Они изменили правила игры, разрушив стены между мастерской и реальной жизнью. Многие художники и до этого выходили за эти стены, чтобы делать зарисовки, но потом возвращались в мастерскую и использовали результаты своих наблюдений как фон для надуманных сюжетов. А импрессионисты писали свои сцены современной городской жизни прямо на улице, причем от начала и до конца. Новые сюжеты потребовали и новой техники. В те времена общепринятым и общепризнанным считался ренессансный «большой стиль» в духе Леонардо, Микеланджело и Рафаэля, представленный во Франции, в частности, картинами Никола Пуссена (1594–1665). Прорисовка – это было все. Искусство состояло в точности и детальности. Краски природных тонов надлежало смешивать и наносить на холст тщательными мазками, которые после долгой, многодневной лессировки становились почти неразличимыми. А с помощью едва заметных переходов между светом и тенью создавалась иллюзия трехмерности.
Это неплохо, когда неделями сидишь в тепле и тщательно выписываешь патетическую сцену. Но импрессионисты писали на пленэре, при непрерывно меняющемся освещении, а не в искусственно созданных условиях мастерской. Поэтому требовался новый подход. Чтобы поймать и правдиво передать мимолетное ощущение, требовалась прежде всего быстрота. Возиться с трудоемкой светотенью было некогда – ведь когда художник снова поднимет глаза, свет уже изменится. На смену «большому стилю» с его тщательной, изощренной растушевкой пришел стремительный, резкий, «этюдный» мазок, который импрессионисты даже не пытались скрыть, а наоборот, акцентировали – широкие, короткие и яркие запятые наполняли картину энергией молодости в соответствии с духом времени. Впервые краска становится самостоятельным изобразительным средством, ее фактурой любуются, вместо того чтобы маскировать, искусно выстраивая что-то вроде оптического обмана.
Импрессионисты, взявшись работать непосредственно с натуры, были буквально одержимы точной передачей наблюдаемой ими игры света. Что только кажется легко, но на самом деле крайне трудно. Художнику нужно выбросить из головы все предвзятые представления об объекте и цвете – например, что спелая клубника всегда красная, – и вместо этого передавать оттенки, видимые им в данный момент времени при естественном освещении, даже если ради этого придется изобразить клубнику синей.
Они упрямо следовали этому правилу, создавая полотна невиданного прежде цветового диапазона. В сегодняшнем мире технологий высокой четкости, телевидения и кинематографа эти краски кажутся обыкновенными, даже приглушенными, но тогда, в XIX веке, они поражали не меньше, чем жаркое лето в Англии. Реакции угрюмых академиков долго ждать не пришлось – картины заклеймили как инфантильные и непродуманные.
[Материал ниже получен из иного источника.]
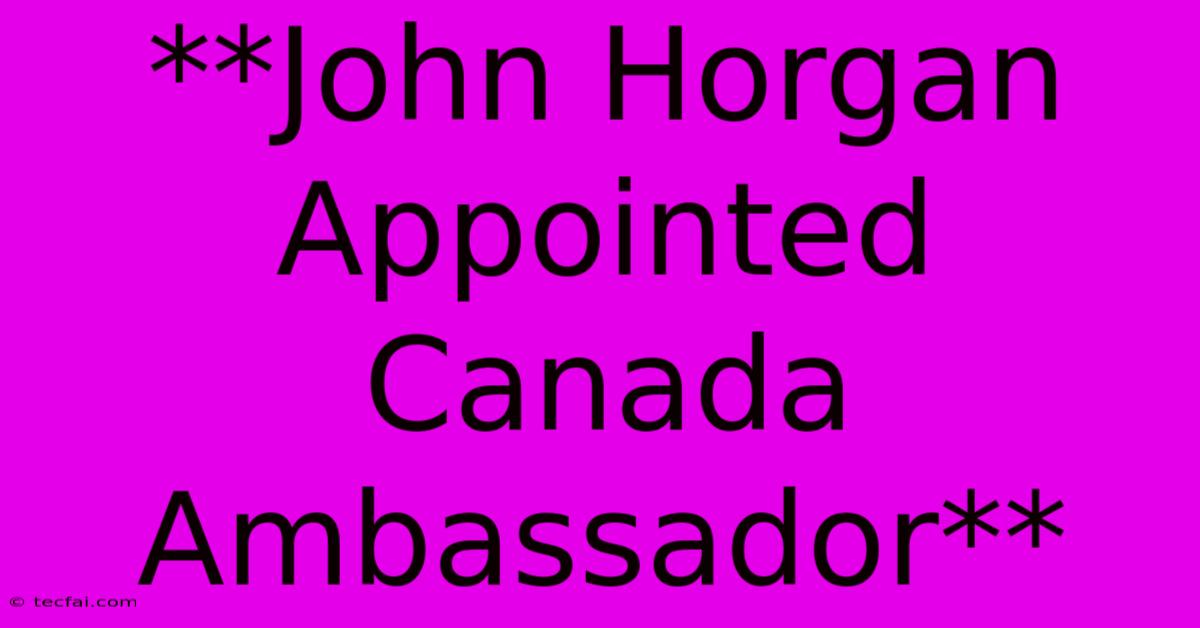 **John Horgan Appointed Canada Ambassador**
Едва импрессионисты приступили к демонстрации своего новаторского подхода, отказавшись от занудных подробностей во имя создания целостной атмосферы, как угодили в немилость к могущественному парижскому художественному истеблишменту. Их высмеивали, обзывали выскочками, пишущими пошлые карикатуры, вместо того чтобы создавать «настоящую живопись». Импрессионистов такая реакция расстроила, но не сломила. Ребята вообще были не робкого десятка – умные, боевитые, уверенные в себе, они просто пожимали плечами и продолжали делать свое дело.
Момент они выбрали самый подходящий. Все предпосылки для ломки традиций в послереволюционном Париже уже имелись: и бурные политические перемены, и быстрый технологический прогресс, и изобретение фотографии, и новые будоражащие философские идеи. Болтая в кафе, талантливая молодежь наблюдала, как Париж меняется буквально на глазах. Из средневековых трущоб он превращался в современную столицу.
В прошлое уходили темные, сырые, грязные и убогие улицы, их сменяли широкие, светлые и красивые бульвары. Город фантастически преображался под руководством энергичного чиновника, барона Османа, получившего соответствующие полномочия от Наполеона III.
«Император французов», как он сам себя именовал, отчасти унаследовал стратегический склад ума своего знаменитого дяди и мог предвидеть, что новый облик Парижа – не только достойный ответ блистательному Лондону эпохи Регентства, но и реальный шанс подольше удержаться у власти. Обновление города означало, в частности, появление великолепных широких, прямых, далеко просматривающихся улиц, и давало хитрому узурпатору чисто тактические преимущества на случай, если недовольных парижан опять потянет к гражданскому неповиновению, а то и к революции.
Перемены затронули не только город, но и саму технологию живописи. До 1840-х годов художникам, пишущим маслом, приходилось работать в студии еще и потому, что краски невозможно было таскать с собой. С появлением маленьких тюбиков с краской, помеченных разноцветными этикетками, наиболее отважные живописцы смогли работать непосредственно на натуре. К этому же подтолкнуло изобретение фотографии – новое изобразительное средство сразу же заинтересовало молодых и перспективных художников. В каком-то смысле новомодный, недорогой и доступный генератор изображений представлял, разумеется, угрозу для живописцев в смысле их монополии на изготовление картин для богатых и сильных мира сего. Но для импрессионистов куда важнее стали новые возможности, открываемые фотографией. И не в последнюю очередь благодаря разгоревшемуся спросу публики на изображения повседневной парижской жизни.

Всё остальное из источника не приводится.